In the mountainous Evrytania region of Greece, fir trees cover the hills, deer and wolves roam the lush landscape and waterfalls add to the dramatic scenery, earning it the nickname “Little Switzerland.”
Harder to find, however, are young people.
The area — a winding, three-hour drive from Athens — has the oldest population in the whole European Union. Residents are 54.3 years old on average.
As balloting for the European Parliament gets underway Thursday, voters over 55 are emerging as a powerful bloc on a rapidly aging continent where younger voters are staying away from the polls in growing numbers. The pensioners in Karpenisi will vote Sunday with other Greeks in a combined ballot that includes local government posts.
“Now only the old people are left,” says 91-year-old Costas Thymios, taking a break from a backgammon game in a community center in the town of Karpenisi. “There are no jobs left and we don’t produce anything anymore. The region is finished.”
Greece has one of the oldest populations in the world, with an average age of 44.5 years, said Kyriakos Pierrakakis, director of research at the Athens-based thinktank diaNEOsis.
Of the 25 fastest-aging countries in the world, all are in the EU except for two — Japan and Switzerland, according to the World Health Organization.
Across the street from the community center in Karpenisi, 36-year-old civil engineer Eftihia Papadimitriou is campaigning for a seat on the municipal council, with her 8-year-old daughter in tow. Most of her canvassing is done face-to-face in remote villages, some served by public transportation only once a month.
“People want you to remember what you’ve told them and who they are. That way, they can tell you really are trying to address their needs,” she said.
In Athens, the need for political parties to reach out to older voters has spurred a revival of traditional campaigning, too. Election kiosks are set up in main squares and metro stations, and TV and newspaper ads for the election are flourishing. Rallies and televised debates by candidates take place daily.

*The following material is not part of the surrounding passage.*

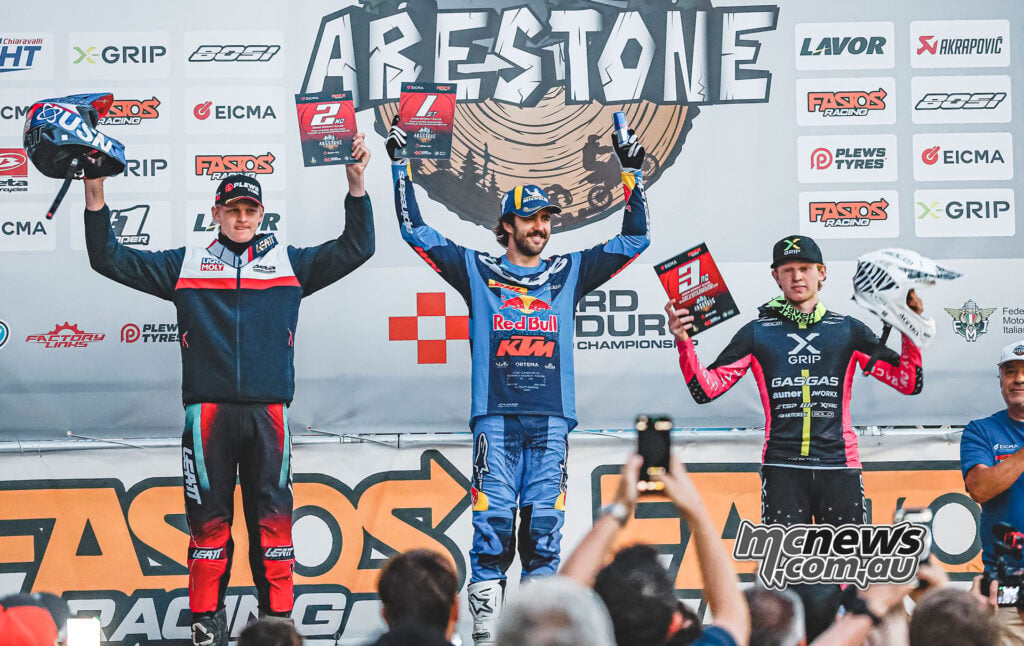 James Moore (P2), Manuel Lettenbichler (P1) and Ashton Brightmore (P3) celebrate on Saturday’s Gold Sprint Race podium.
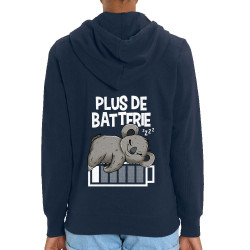 Sweat femme zippé à capuche coton bio bleu marine Plus de batterie koala (Animaux,Humour,Manga Kawaï japan,Bébés,Paresse)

“The content of campaign messages is mainly aimed at older people, so you’ll see references that remind you of the 1980s and the 1990s, with big outdoor events and things like that,” said Vasileios Katsardis, an adviser and press officer for the left-wing GUE-NGL group at the European Parliament.
The large numbers of political ads on Greek TV are signs that “Europe is aging, and that older people care more about elections,” he said.
In 2014, European voters over 55 had the highest turnout at 51%, while 18- to 24-year-olds had the lowest turnout at 28%, according to data from the European Parliament.
“That is sad, but it’s a fact,” Katsardis said. He added that political parties are also devising strategies targeting younger voters, including mostly online ads and on social media.
Overall turnout for European parliamentary elections has been below 50% for the past two decades, falling steadily since they were first held in 1979, when participation reached 62%.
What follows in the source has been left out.